The headline CVE here needs one correction before any serious analysis starts: as of May 6, 2026, there is no public MITRE or NVD record for CVE-2026-15902. That does not make the threat model hypothetical. A closely matching, vendor-confirmed case already exists in NVIDIA KAI Scheduler's April 2026 security bulletin, where CVE-2026-24176 describes improper authorization through cross-namespace pod references in a multi-tenant GPU scheduler.
CVE Summary Card
Bottom Line
The missing public record for CVE-2026-15902 is itself a reminder to verify identifiers before triage. The actionable security story is the verified NVIDIA case: broken namespace-to-resource authorization in a GPU orchestrator can let one tenant tamper with another tenant's scheduling state.

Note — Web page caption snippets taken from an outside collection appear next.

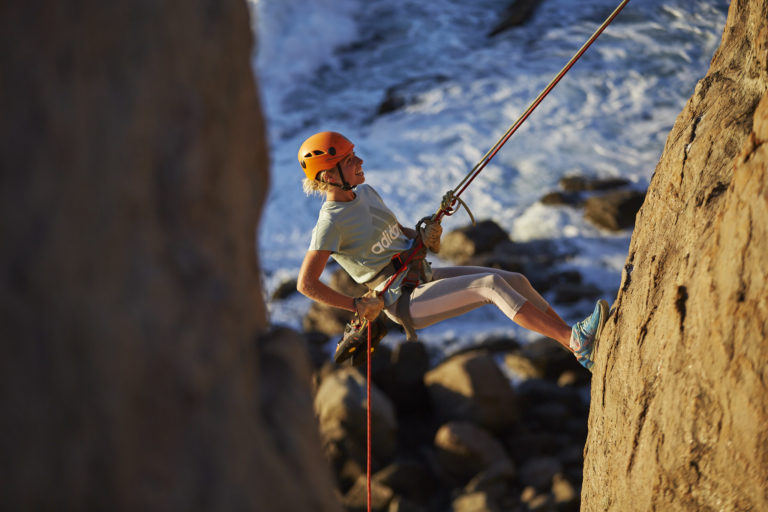 A landscape image of a woman abseiling down a rockface with ocean in the background to show outdoor adventure experiences on The South West Edge road trip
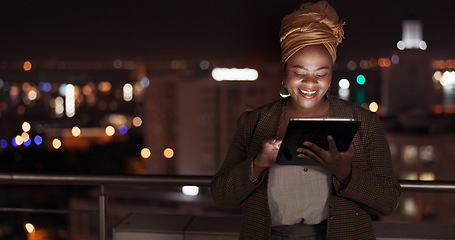 Image showing Tablet, night and balcony with a business black woman doing research online while standing outdoor at her office. Working late, search and deadlines with a female employee doing overtime at work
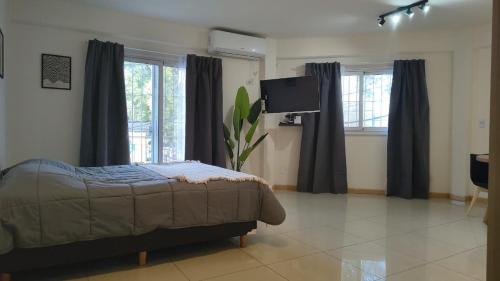 a bedroom with a bed and a flat screen tv at Apart Plaza Escobar in Belén de Escobar
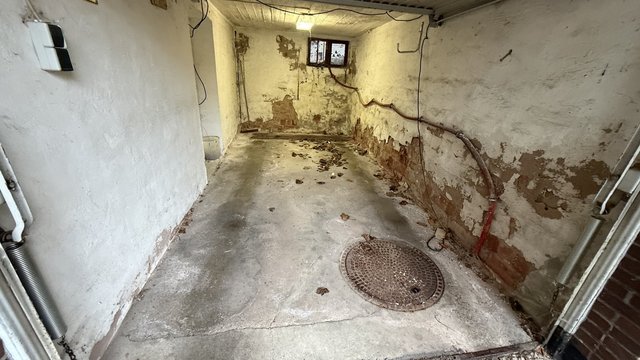 Leerer Kellerraum mit abplatzendem Putz, freigelegtem Mauerwerk und Bodenablauf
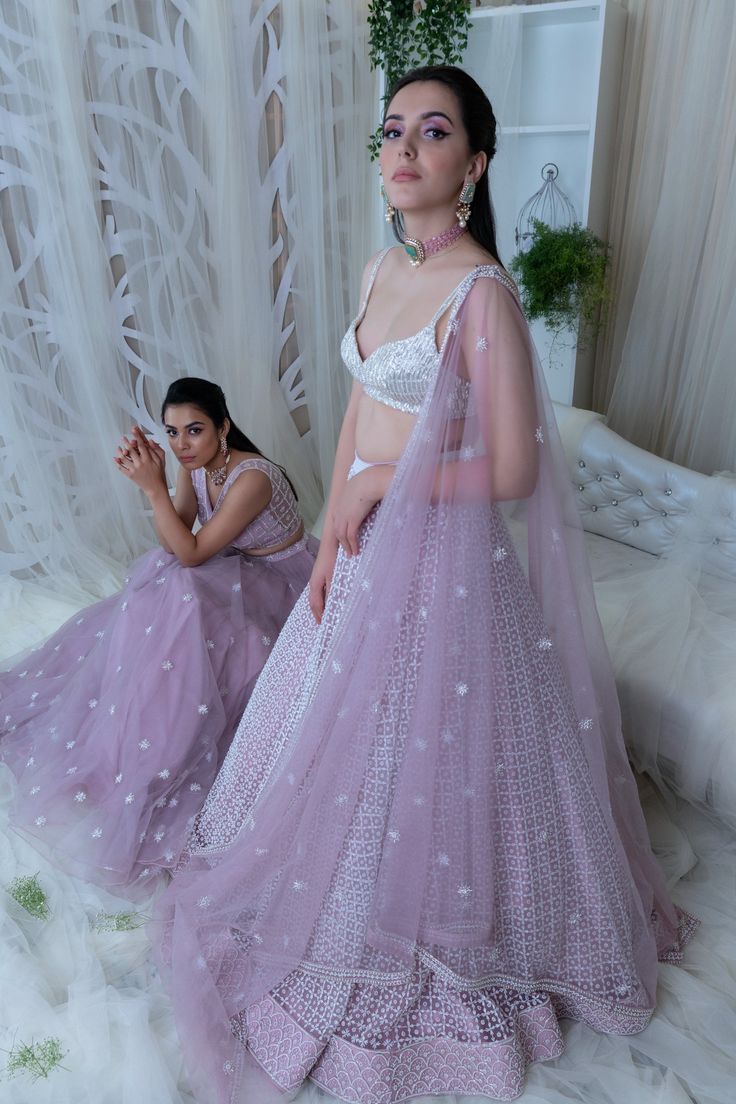 Editor's Note This set features a lilac pearl embroidered crop top paired with a voluminous skirt and dupatta. Fabric: Net Color: Lilac Care: Dry Clean Only Customize Your Outfit Can't find the size you're looking for? No stress. Just select the size "Custom" while adding the item to your cart. We will follow up with you for your body measurements. To request a color or design customizations, please contact our customer care by using our "Ask us a question" form or simply email us. About the Des Lavender Lehenga For Diwali Festive Occasion, Lavender Organza Wedding Set, Lavender Wedding Set With Sheer Dupatta, Festive Lavender Sets With Mirror Work, Party Lehenga With Mirror Work In Lavender, Lavender Lehenga With Mirror Work For Party, Lavender Anarkali Set For Festive Occasions, Party Lavender Lehenga With Mirror Work, Anarkali Lavender Set With Mirror Work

- Requested identifier: CVE-2026-15902
- Public status on May 6, 2026: no matching public CVE entry located in MITRE/NVD searches
- Verified adjacent case: CVE-2026-24176 in NVIDIA KAI Scheduler
- Vendor description: improper authorization through cross-namespace pod references
- Severity: 4.3 Medium with vector AV:N/AC:L/PR:L/UI:N/S:U/C:N/I:L/A:N per NVIDIA
- Affected versions: all versions prior to v0.13.0
- Remediation: update to v0.13.0 or later
Why spend time on a medium-severity scheduler bug? Because CVSS often underrates orchestrator flaws in shared AI platforms. A namespace-scoping error in a CPU-only batch scheduler is already dangerous. In a GPU control plane, it can become the first move in a larger chain involving unfair placement, claim hijacking, noisy-neighbor denial, or indirect data exposure via shared reservation state.

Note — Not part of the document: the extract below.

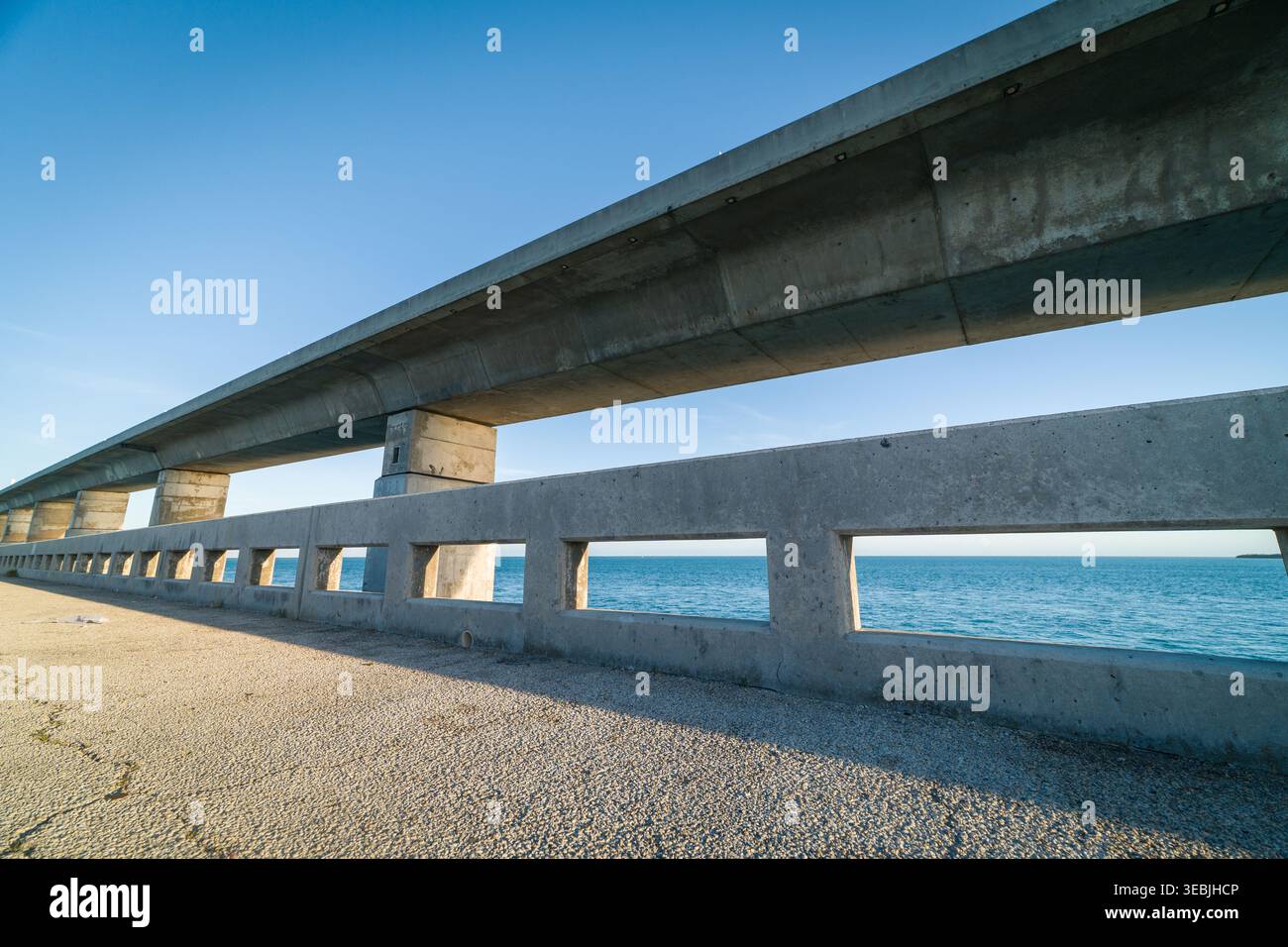 Eine massive Betonbrücke mit schweren Säulen überquert das hellblaue Meereswasser entlang des berühmten Overseas Highway in den Florida Keys. Stockfoto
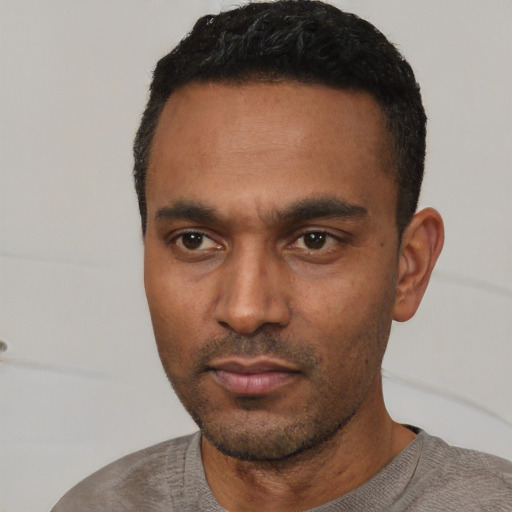Neutral latino young-adult male with short  black hair and brown eyes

The official anchors for this analysis are NVIDIA's bulletin, the KAI Scheduler repository, and package metadata showing v0.13.0 published on Go Packages on March 2, 2026.
Vulnerable Code Anatomy
Where the trust boundary actually sits
Multi-tenant GPU orchestrators do much more than place pods. They map queue labels, pod groups, reservation objects, dynamic resource claims, admission mutations, and binder actions into a single state graph. The security boundary is not the GPU device node alone. It is the chain of references that says which tenant is allowed to consume, mutate, or wait on a particular reservation.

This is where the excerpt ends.